TASK STATEMENT.
Repeat the records below exactly, leaving out any pictures.

Image-caption web data.
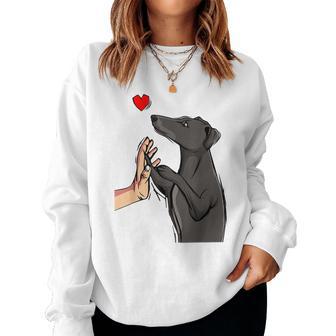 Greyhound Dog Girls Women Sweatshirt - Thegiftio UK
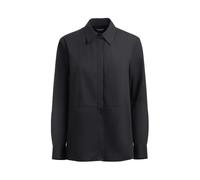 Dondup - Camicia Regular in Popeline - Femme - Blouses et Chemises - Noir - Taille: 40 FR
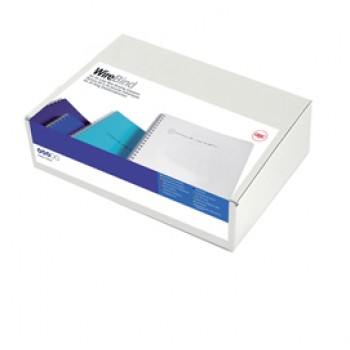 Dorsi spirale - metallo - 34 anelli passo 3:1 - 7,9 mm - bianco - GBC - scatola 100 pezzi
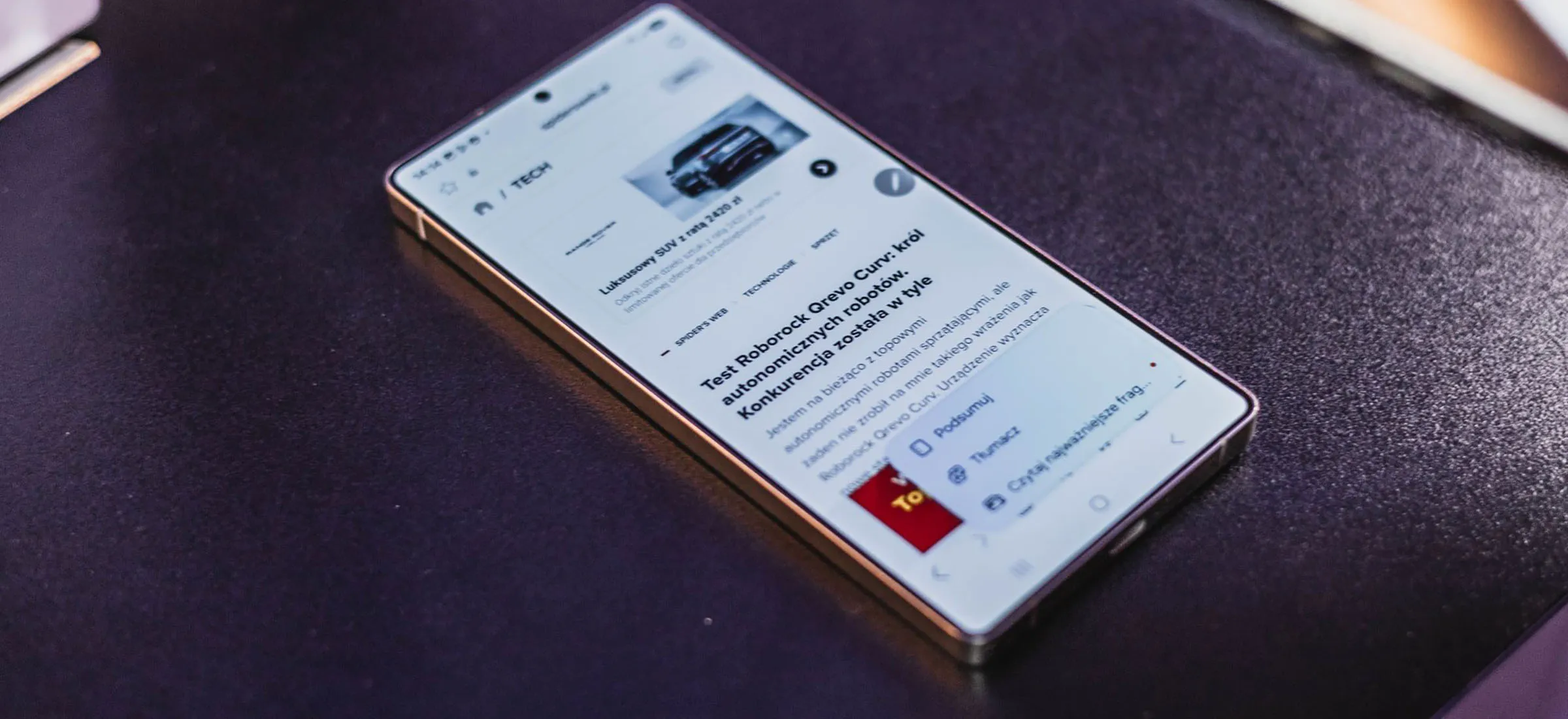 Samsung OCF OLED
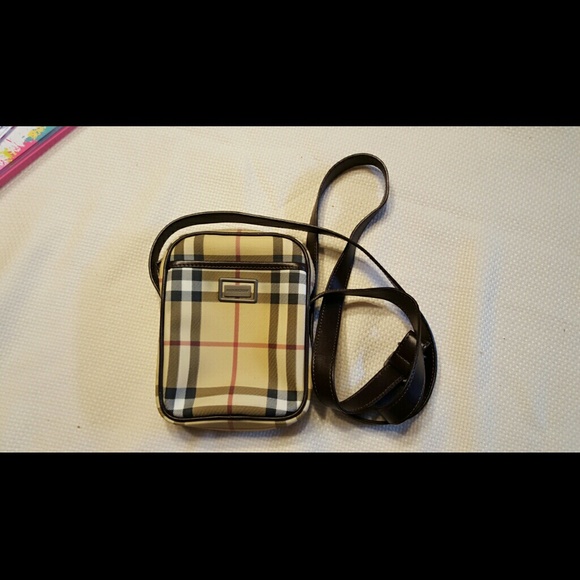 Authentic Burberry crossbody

TASK SOLUTION.
 Greyhound Dog Girls Women Sweatshirt - Thegiftio UK
 Dondup - Camicia Regular in Popeline - Femme - Blouses et Chemises - Noir - Taille: 40 FR
 Dorsi spirale - metallo - 34 anelli passo 3:1 - 7,9 mm - bianco - GBC - scatola 100 pezzi
 Samsung OCF OLED
 Authentic Burberry crossbody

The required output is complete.